I want to define a flat slab below the road. The slab must to put right angle to keep the thickness of variable part as small as possible and the max distance as minimum as possible.
What I did:
I’m trying to find the plane that the total distances from the curve to the plane as small as possible. (the plane can not cut the curves).
I used Galapagos to optimize the total distance. (see the GH file). Findplane.gh (25.9 KB)
The issue:
Each time I run, I find a new plane that is not fit with the old plane. (sometime it can not finish the test. )
Your geometry is extremely far away from the origin which makes it painfully slow for Rhino to manipulate (gumball rotation) and can cause errors. GH is extremely unresponsive.
Your unit dimensions are mysterious. Your curves are ~55 thousand units long!? The end points of your curves are ~1400 units apart (millimeters?), and one end is ~1000 units wider than the other?

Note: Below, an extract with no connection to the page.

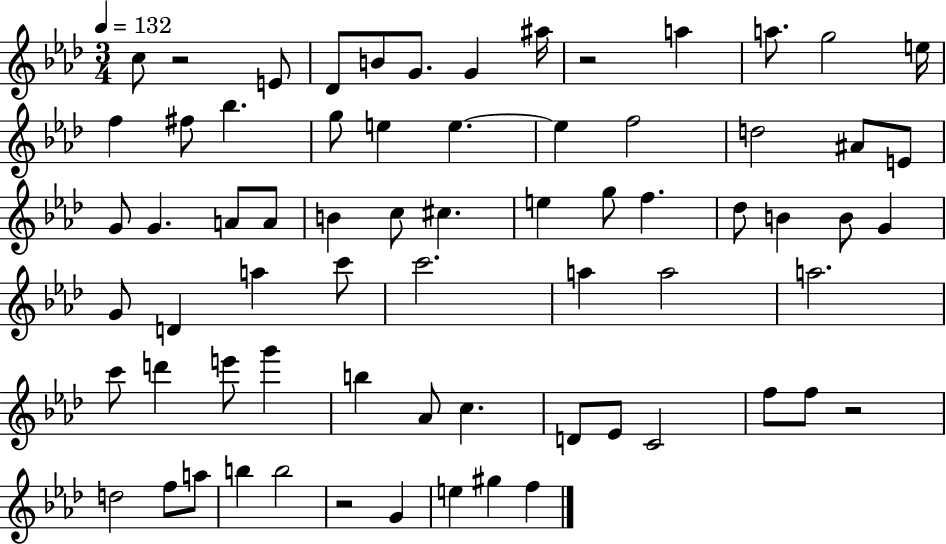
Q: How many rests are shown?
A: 4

Your curves are going opposite directions. And they are polylines so lofting them together makes a polysurface instead of a single surface.
Findplane.3dm (279.5 KB)
Here is the result from Galapagos that I was looking for- One plane - it will become top of prefab beam for the next step. The polysurface is not accepted.

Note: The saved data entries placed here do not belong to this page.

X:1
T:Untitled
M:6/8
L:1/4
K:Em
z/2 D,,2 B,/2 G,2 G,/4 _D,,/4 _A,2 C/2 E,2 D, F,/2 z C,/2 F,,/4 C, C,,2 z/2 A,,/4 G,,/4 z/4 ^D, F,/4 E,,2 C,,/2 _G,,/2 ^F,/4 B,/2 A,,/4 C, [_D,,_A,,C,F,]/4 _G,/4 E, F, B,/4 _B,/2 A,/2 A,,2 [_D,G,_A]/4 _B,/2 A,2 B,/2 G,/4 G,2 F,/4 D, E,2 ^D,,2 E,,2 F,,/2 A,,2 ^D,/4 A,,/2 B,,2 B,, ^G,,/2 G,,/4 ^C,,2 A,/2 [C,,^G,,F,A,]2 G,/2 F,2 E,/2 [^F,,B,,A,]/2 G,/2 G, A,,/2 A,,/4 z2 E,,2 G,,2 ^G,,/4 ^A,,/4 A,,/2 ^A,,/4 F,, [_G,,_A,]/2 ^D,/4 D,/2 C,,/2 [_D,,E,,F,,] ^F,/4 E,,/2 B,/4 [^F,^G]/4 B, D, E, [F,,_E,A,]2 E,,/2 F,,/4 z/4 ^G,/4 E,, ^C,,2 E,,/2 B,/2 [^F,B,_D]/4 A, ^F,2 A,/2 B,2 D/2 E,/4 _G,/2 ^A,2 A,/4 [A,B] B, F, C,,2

Look, there was an error in version ‘b’ above, due to the difference in scale of the two models.
Fixed below. The Plane Fit ‘dx’ (deviation) is only 15.58 units (millimeters?). You can move the plane that far down if you must. The fact is though that your curves are not co-planar.

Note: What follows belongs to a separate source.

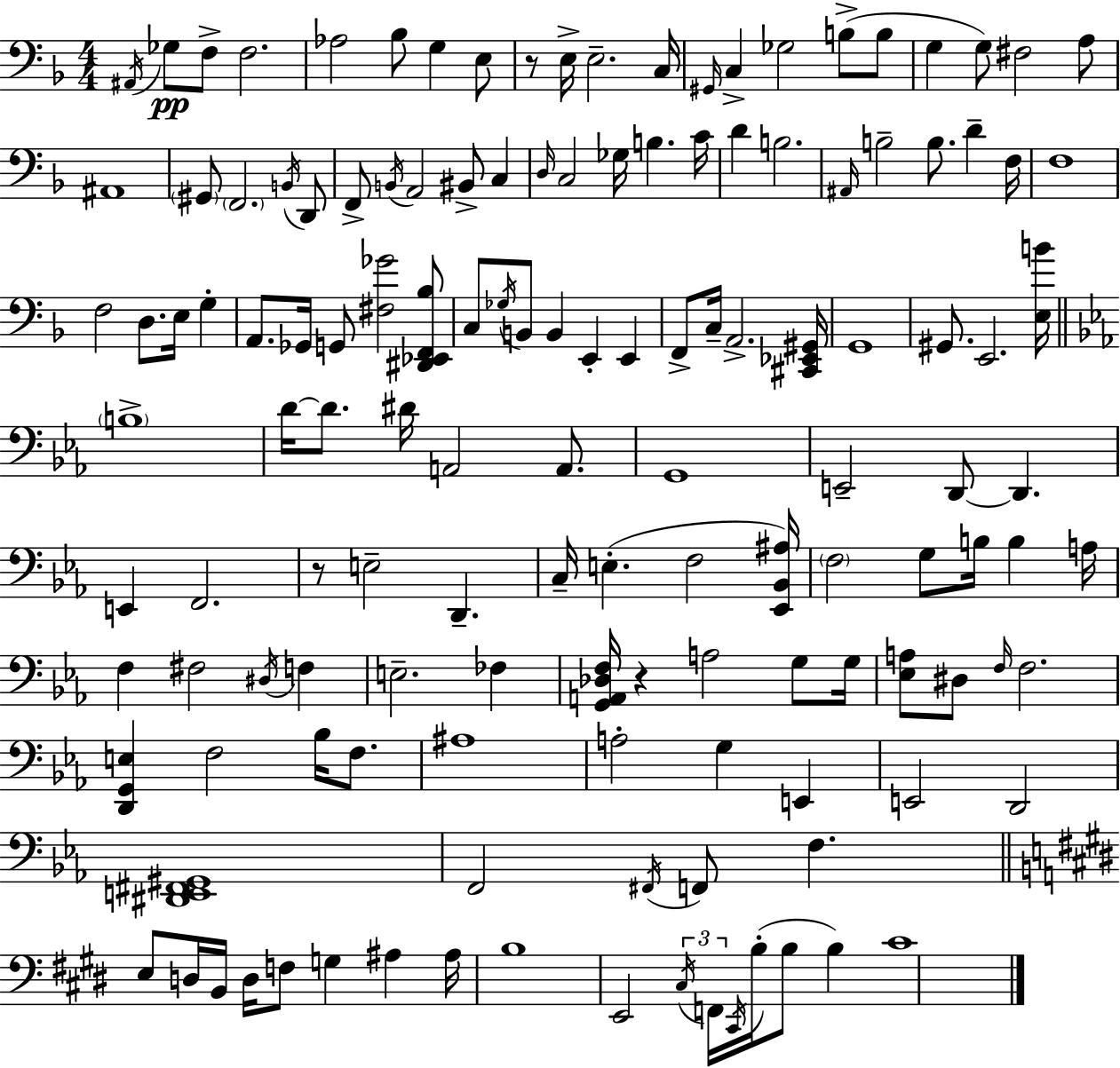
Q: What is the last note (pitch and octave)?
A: C#4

The surface need to be under of the road. So I moved it down -205mm.
I tried move up 15mm, but the total length is not optimize compare to the galapagos.
Using all the curve control points instead of only the end points (see switch in blue group below) , the Plane Fit ‘dx’ (Deviation) jumps from 15.58 units (millimeters?) to 100.27 units!
I have no way to determine which is the “better” Plane Fit result? Regardless, note that I projected the control points to the plane and created co-planar interpolated curves (IntCrv) before lofting to make the planar surface.
P.S. Using curve division points (10 per curve) for Plane Fit instead of end points or control points, the deviation is 86.0 units.
In retrospect, I realized that projecting control points and interpolating them wasn’t a good idea, so I looked at this again.
First, I had to deal with the extreme unresponsiveness of GH/Rhino, which made it too difficult to modify the model. I added a switch between “In Place” and “Move to XY”, which moves both curves to the ‘World XY’ origin. This fixes the poor responsiveness issue!
Later, I discovered accidentally that this revised model works well “In Place” as long as certain kinds of geometry are avoided. For example, there is a disabled “SLAB” group with a big warning to “Use ‘Move to XY’ feature before enabling”.
Otherwise, I added some features and options to visualize the true shape of your curves relative to a ‘World XY’ plane with its origin at the lowest end point (white ‘X’).
‘Plane Fit’ origin is adjusted automatically to the lowest position to avoid being above any of the points. The blueish surface below uses the original curves and is definitely not planar! The light green surface is planar, derived from projecting your curves to the adjusted ‘Plane Fit’. But is that really what you want? It appears to deviate from the original surface by up to ~220 units (millimeters? 8 inches?).